体感ですが、50張は問題なく貼れる広さがありそうです。

もちろんキャンプ場にはトイレ・水場が完備されています。
トイレは洋式・ウォッシュレット完備の綺麗なタイプです。
トイレの手前には充電用コンセントまであります。(ただし盗難には要注意)

キャンプ場「ゆ~に」から徒歩3分の距離には日帰り温泉施設があります。
ちなみに、「ゆ~に」からさらに50分奧まで歩くと別のキャンプ場があるのですが、そちらには温泉はありません。
温泉を取るなら前者、登山のコースタイム短縮を取るなら後者のキャンプ場が良いでしょう。
夕食と買い出し

フェリーターミナルの近くまで戻ってきました。
居酒屋「力丸」さんにて夕食を取ります。

地元のうにを食します。美味。
もうすでに満足です。山に登らなくてもいい。

北海道を席捲しているコンビニ・セイコーマート利尻店へとやってきました。

セイコーマート利尻店では、弁当やおにぎり・パンの他にアルファ米を購入可能です。

ガス缶も購入可能です。
飛行機で利尻島に来る場合、飛行機内にガス缶を持ち込むことはできません。
ここで購入すると良いでしょう。
登山開始~8合目・長官記念碑まで

翌朝になりました。朝4時から登山を開始します。
コースタイムが10時間以上かかることと、フェリーの最終出発時刻が16時40分であることを考慮すると、朝4時に出発するのがよいと考えたからです。

自然休養林北麓野営場へとやってきました。
雑草の種を持ち込まないように、靴の底を水で洗います。

鴛泊(おしどまり)コースの登山口に到着しました。
ちなみに、利尻山にはもう1つ沓形(くつがた)コースがありますが、こちらは一部の道が崩落しているため、あまりオススメはできません。

甘露泉水(かんろせんすい)へとやってきました。
ここが最終給水地点になります。必要な水をここで汲んでいきます。

キャンプ場の水よりもはるかに美味しい水です。

登山道は全体的に整備されており、とても歩きやすいです。

今はちょうど高山植物の時期です。
こちらはクルマユリ。

5合目・雷鳥の道しるべに到着しました。
ちなみに、利尻島には雷鳥は生息していません。
「かつて利尻島の登山道を開拓する際に、雷鳥が頂上まで案内をしてくれた」との逸話に由来しているそうです。

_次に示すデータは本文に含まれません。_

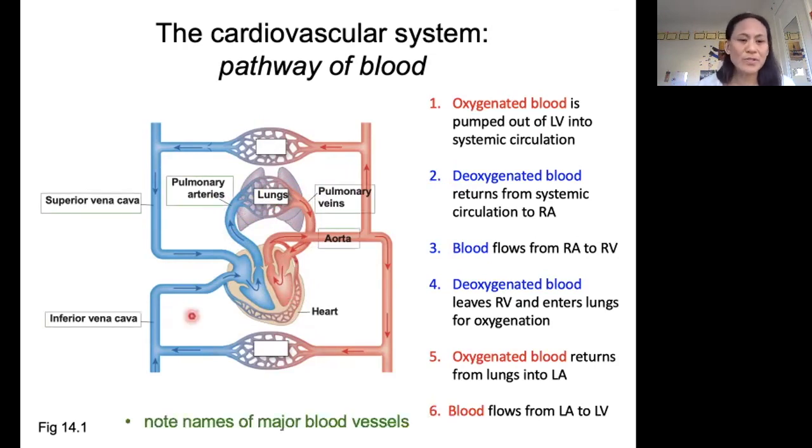I also want to point out the names of the major blood vessels: the aorta, which is carrying blood out from the left ventricle; the vena cavae, which are bringing blood back in to the right atrium; the pulmonary arteries, which are bringing blood out from the right ventricle to the lungs; and the pulmonary veins, which are bringing blood from the lungs back to the left atrium.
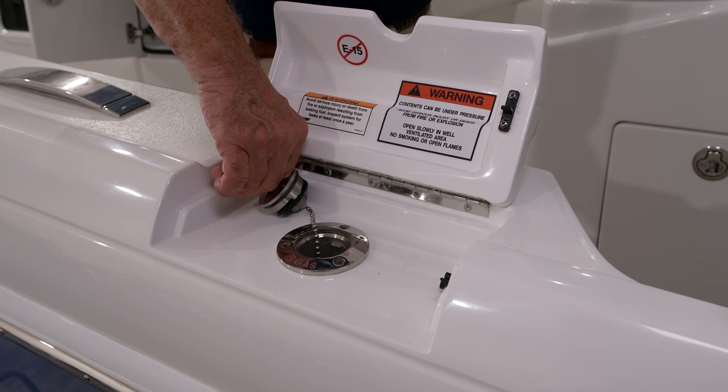Add fuel, being careful not to overfill it. Please keep in mind that gasoline is a very volatile substance. You need to be very careful: don't spill any into the water, and open the cap slowly so that if there's any pressure in the tank, it will release itself.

高山植物がたくさん咲いています(名前がわからないからごまかす)

周囲を厚いガスが覆っており、展望は皆無です。
登山道で会った地元の方によると「今日は北風だから晴れる可能性がある。南風だと絶対に晴れない」とのことです。
さて、果てして晴れることはあるのでしょうか。先に進みます。

エゾノハクサンイチゲ?の群生です。

相変わらず周囲はガスに包まれています。

利尻山中にはトイレが無い代わりに、携帯トイレブースが数か所設置されています。
自分で持参した携帯トイレを、簡易便座に設置して用を足せる、というシステムです。使い終わった携帯トイレは登山口のゴミ箱に廃棄することが可能です。

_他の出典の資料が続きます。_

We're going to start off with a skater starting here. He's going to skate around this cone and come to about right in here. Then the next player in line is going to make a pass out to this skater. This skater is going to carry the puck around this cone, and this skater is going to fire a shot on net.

利尻山では、たまに部分的に紅葉している木々があるのですが、何なのでしょうね?

整備されていて歩きやすい登山道です。

イワギキョウでしょうか。

雲がわずかに取れてきた!
好展望に期待が膨らみます。

一見名もなき葉のように見えますが…花を咲かせることもあるのでしょうか?

空は晴れたり曇ったりを繰り返しています。

イワギキョウ

雲の切れ間から、たまに沓形市街地が見えます。
この日は雲が北東からやってきており、西面に位置する沓形市街地は晴れているとのことです。

ウコンウツギですね。

8合目には、北海道開拓の功労者・佐上長官の記念碑が建てられています。
ちなみにこの近くには長官山というピークも存在します。佐上長官は地元に愛されていますね。
強風域を抜け、そして山頂へ

オオハナウドでしょうか?

エゾイブキトラウオです。
イブキトラウオより大型とのこと。

8合目と9合目の途中にある利尻山避難小屋に到着しました。
緊急時のみ利用することが可能です。

エゾノハクサンイチゲ?


ミヤマオグルマ?

9合目付近までやってきました。頂上まで、あともう少し!


景色がガスっているので、高山植物を見て楽しむ。


9合目からは階段が続きます。
階段の高さが低く、登りやすいです。

登山道の両脇に、エゾイブキトラウオが増えてきました。

ミヤマアズマキクでしょうか。

沓形分岐の手前までやってきました。今回のような北風が吹いている場合、この地点では強風が吹きます。風速10~15メートルといったところでしょうか。

この地点は進行方向右側の斜面が切れ落ちています。
強風も吹いているので、慎重にかつ素早く通過していきます。

沓形登山コースとの分岐点に到達しました。
前述の通り、沓形登山コースでは一部登山道が崩落しているため、一般向きではありません。


頂上を目指し、ひたすら階段を登っていきます。

ウコンウツギ。

ミヤマアズマキク。

山頂を視界に捉えました!
奇跡的にガスが晴れ、絶景の山頂を楽しむ

山頂には人がたくさん集まっています。

利尻岳の北峰山頂(1,718m)に到着しました!
日本最北端の百名山です。

ちなみに、利尻山には北峰の他に本峰があり、こちら標高は1,721mと北峰よりも3m高いです。
しかし、登山道の崩落により本峰へは登頂禁止となっています。
(上の写真で、ガスに包まれているピークがおそらく本峰)
ちなみに、北峰にもいつ登れなくなってもおかしくないと言われています。
これは、地質が弱く崩落が進んでいるためです。「ストックにゴムキャップを付ける」「携帯トイレを利用する」「登山道の外には入らない」を徹底しましょう。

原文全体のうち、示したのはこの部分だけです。